Kommentar Privatisierung: Die Bahn wird keine "Volksaktie"

SPD-Politiker wollen die Bahnanteile zur Volksaktie machen. Ihr Kalkül, Käufer zu locken, um Konzerne vom Einstieg abzuhalten, wird nicht aufgehen. Die Privatisierung kommt uns teuer.

Die Bahn soll zur "Volksaktie" werden, so wollen es Teile der SPD. Der Name weckt keine guten Erinnerungen. Die T-Aktie firmierte bekanntlich auch als Volksaktie und hat ihren Eigentümern vor allem Verluste beschert. Diese Kursstürze gehörten sogar zur Logik der Telekom-Privatisierung: Plötzlich sollte Wettbewerb unter den Telefonanbietern herrschen - was nichts anderes meinte, als dass die Telekom Marktanteile und Kunden verliert.

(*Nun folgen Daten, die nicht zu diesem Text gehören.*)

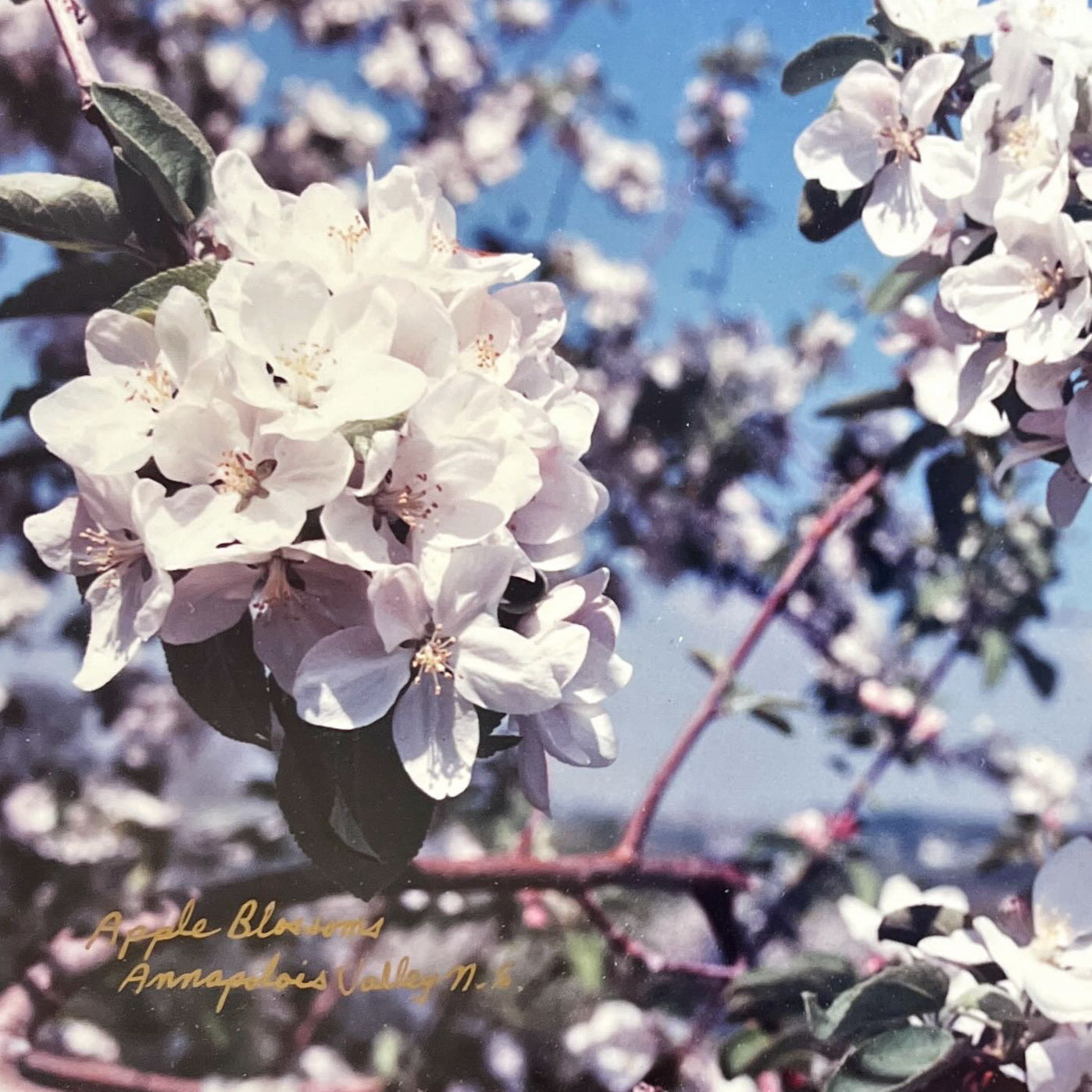 Photo, Floral Barry Dorey, Cover view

Die SPD-Erfinder der Volksaktie bei der Bahn versichern nun, dass ihre Aktie mit jener der Telekom nicht zu vergleichen sei. So soll es eine garantierte Mindestverzinsung von 5 Prozent geben. Das ist mehr, als manche Bundesanleihe bringt. "Mindestverzinsung" klingt natürlich gut, aber diese Gewinne müssen von der Bahn erst einmal erwirtschaftet werden. Im Notfall bieten sich verschiedene Lösungen an: höhere Preise, stillgelegte Strecken oder verschleppte Investitionen. Für die Kunden ist jede Variante unattraktiv. Auch die Volksaktie kann das Grundproblem einer Privatisierung nicht beheben: Bisher mussten die Kunden nur für den Betrieb der Bahn aufkommen - künftig sollen sie zudem die Renditewünsche von Investoren bedienen. Das wird automatisch teuer.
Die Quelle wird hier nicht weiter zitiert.